A lembrança de como seu pai o havia ensinado sexualidade, mostrando-lhe um
livro de doenças venéreas, trazia a Dalí uma expectativa que se misturava ao
desejo e ao nojo. Subsequente a isso, podemos ver ainda no inferior da tela um
homem abraçando uma rocha com formato de um corpo feminino.

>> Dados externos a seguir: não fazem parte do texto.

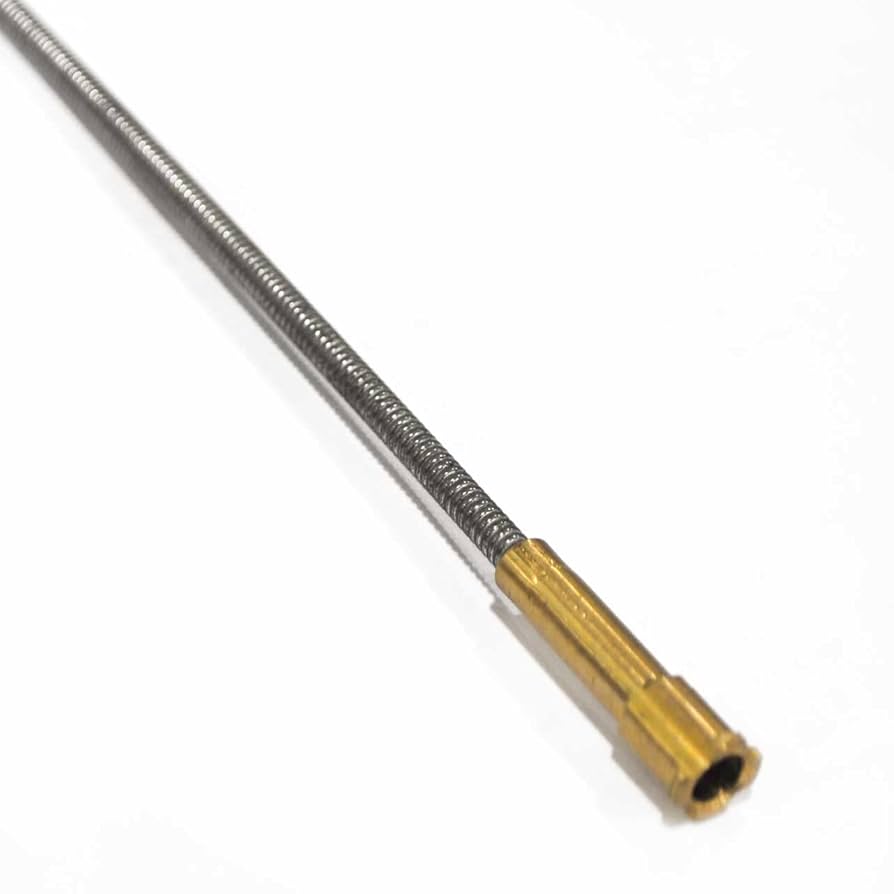 【 】Bernard BERNARD, QJL-116-XL, JUMP LINER .045-.062: Mig Welding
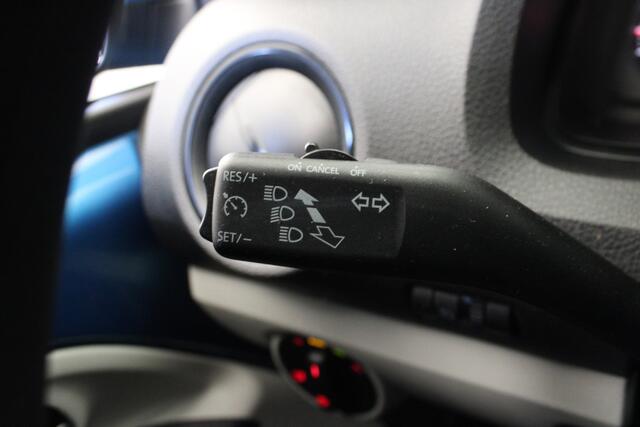 Volkswagen UP! 1.0 BMT move up! |Airco|Cruise|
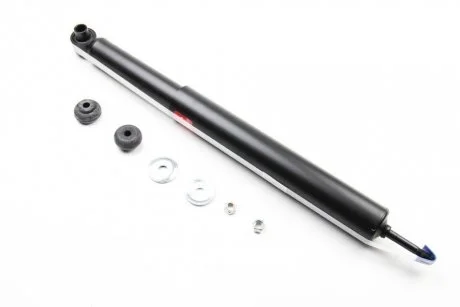 Амортизатор подвески задний Opel Omega A,B (86-03), Vectra A (88-95) Excel-G (Gas) KYB 343216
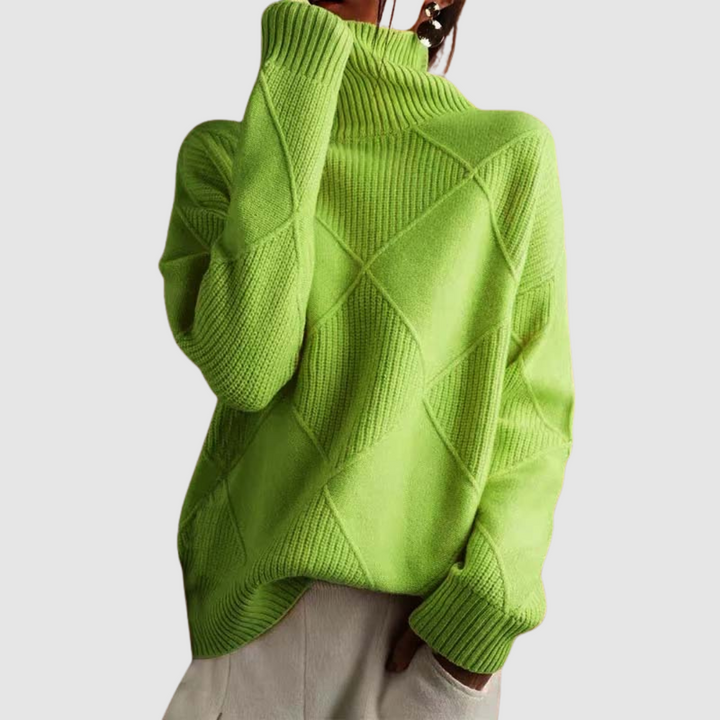 Ester | Maglione testurizzato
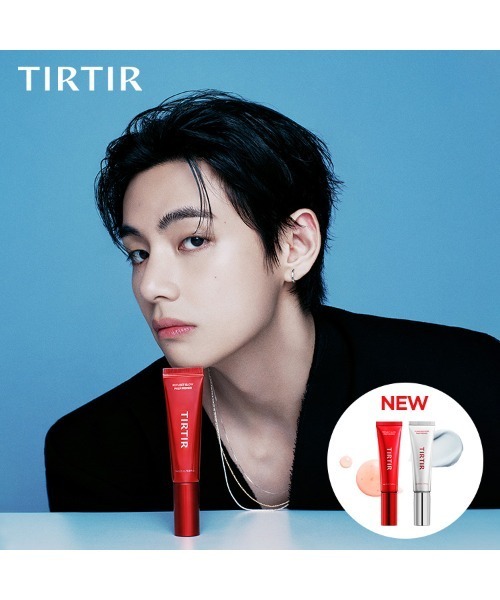 TIRTIR 化粧下地 下地 ティルティル tirtir FLAWLESS PORE PREP PRIMER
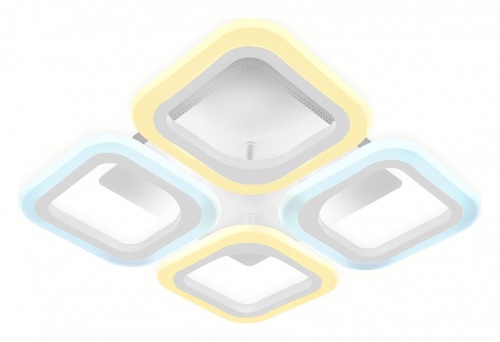 Потолочная люстра Ambrella Light FA FA4371 в Нижнем Новгороде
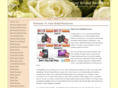yourbridalresource.com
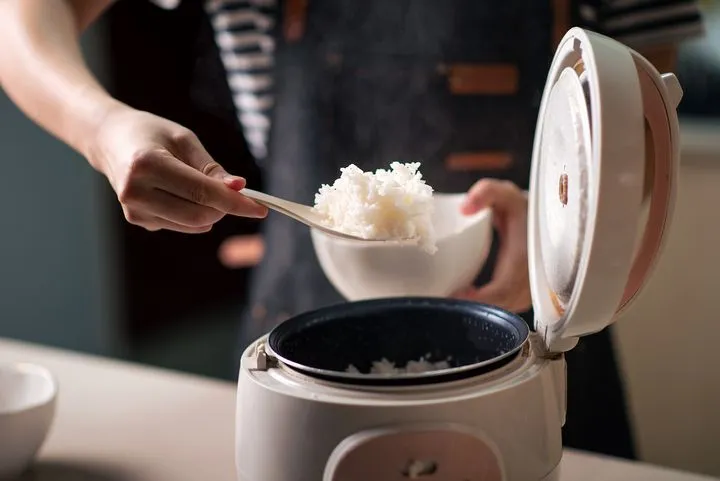 Best Rice Cooker
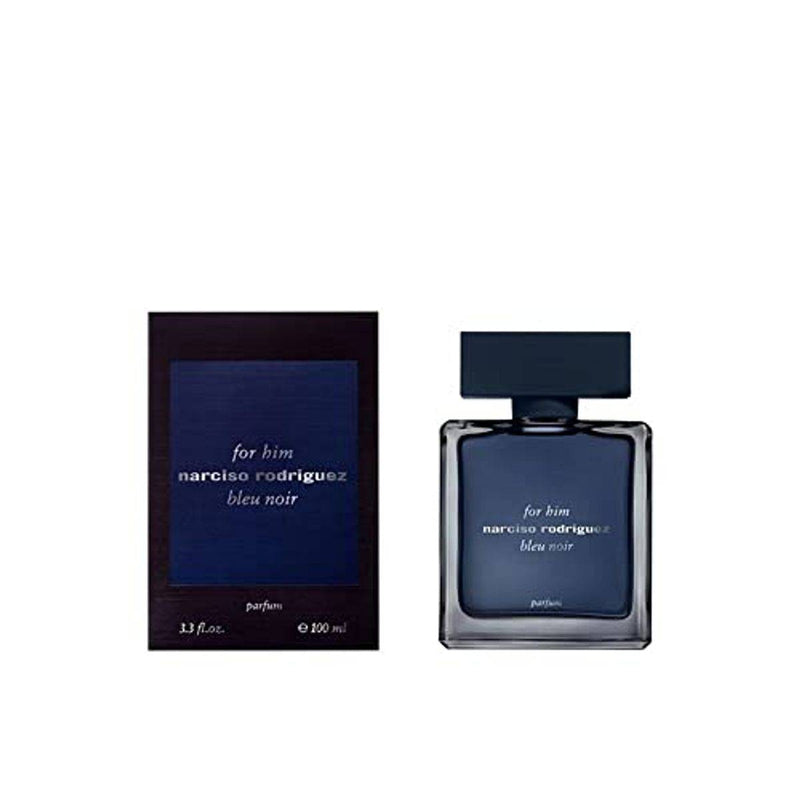 Narciso Rodriguez Bleu Noir For Him (M) Parfum 100ml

A frieza da rocha
num corpo de mulher talvez nos exemplifique a contradição mental de Dalí, que
ao mesmo tempo em que se sentia tão seduzido por uma mulher, pensava que ela
talvez jamais fosse capaz de leva-lo ao orgasmo.
Temos ainda
diversas outras referências das quais eu poderia escrever páginas e páginas,
mas isso deixaria o post chato pra caramba e ninguém ia terminar de lê-lo.
Falando, portanto, brevemente, o gafanhoto é também um animal bissexual, e que
tem a cabeça arrancada pela fêmea após o coito. Sob o topo da imagem que se
assemelha a uma cabeça existe um anzol, dotado de uma conotação um tanto
fálica. Um pouco mais acima, pedras, uma rolha e uma concha do mar
equilibram-se sobre todas as controvérsias de Dalí. No canto inferior esquerdo,
um homem sozinho se afasta no horizonte. O que tudo isso significa eu deixo a
seu critério dessa vez. Interprete como a obra faz você se sentir, isso é arte.
E o que era
uma imagem sem sentido, tornou-se agora um conjunto de nuances, algumas
discretas, outras expostas, algumas sutis, outras evidentes. O fato é que Dalí
consegue dar realidade aos sonhos que invadem sua mente. De alguma maneira,
toda sua loucura invade as formas e as cores, e o que antes parecia lunático
desfere sobre nós um golpe de lucidez. Apesar de egocêntrico, narcisista e
prepotente, é essa confiança que Dalí deposita em seu potencial e em si mesmo
que fez dele o gênio. Salvador Dalí não buscou exaltar suas qualidades, não
tentou convencer ninguém de que era único. Ele acreditou nisso desde o começo,
e julgando até mesmo suas frustrações e loucuras dignas de retrato, produziu
obras únicas e de uma complexidade chocante.
Eis que se
revela então o verdadeiro intuito deste texto. Salvador Dalí, dotado de uma
mente que era ao mesmo tempo brilhante e perturbada, genial e paranoica. Uma
mente que poderia ter se tornado até mesmo psicótica, tornou-se uma explosão de
formas e irrealidades. Se a mente de um pequeno roedor é capaz de produzir 90
tons de cores e uma imagem tão bonita, como seria a mente de Dalí? Existiriam
cores suficientes no mundo pra retratar tamanha complexidade? E se eu dissesse
que dentro de cada um de nós vive um Salvador Dalí?
Que humano
não compartilha das mesmas maluquices? Talvez não exatamente essas, talvez não
do mesmo jeito, mas todos nós estamos sempre divididos em nossas opiniões, em
nossas concepções. Estamos sempre confusos com relação aos nossos sentimentos,
sempre divagando em nossos pensamentos. E a exemplo de Dalí, eu não digo: pense
direito. Eu não digo: seja mais racional. Pelo contrário. Eu digo: liberte-se
meu amigo. Aceite suas irrealidades, seus defeitos, suas frustrações. Faça
delas as frustrações mais belas que alguém já viu. Torne-se esplêndido, um ser
humano notável cujos defeitos explodem de sua alma tão coloridos quanto suas
qualidades, porque você é brilhante assim.
Mais
racional coisa nenhuma. Seja mais sentimental. Seja mais real. Seja mais
humano. Seja quem você é. Tenha essa coragem. Deixo aqui minha singela
homenagem à alma fascinante que foi Salvador Dalí.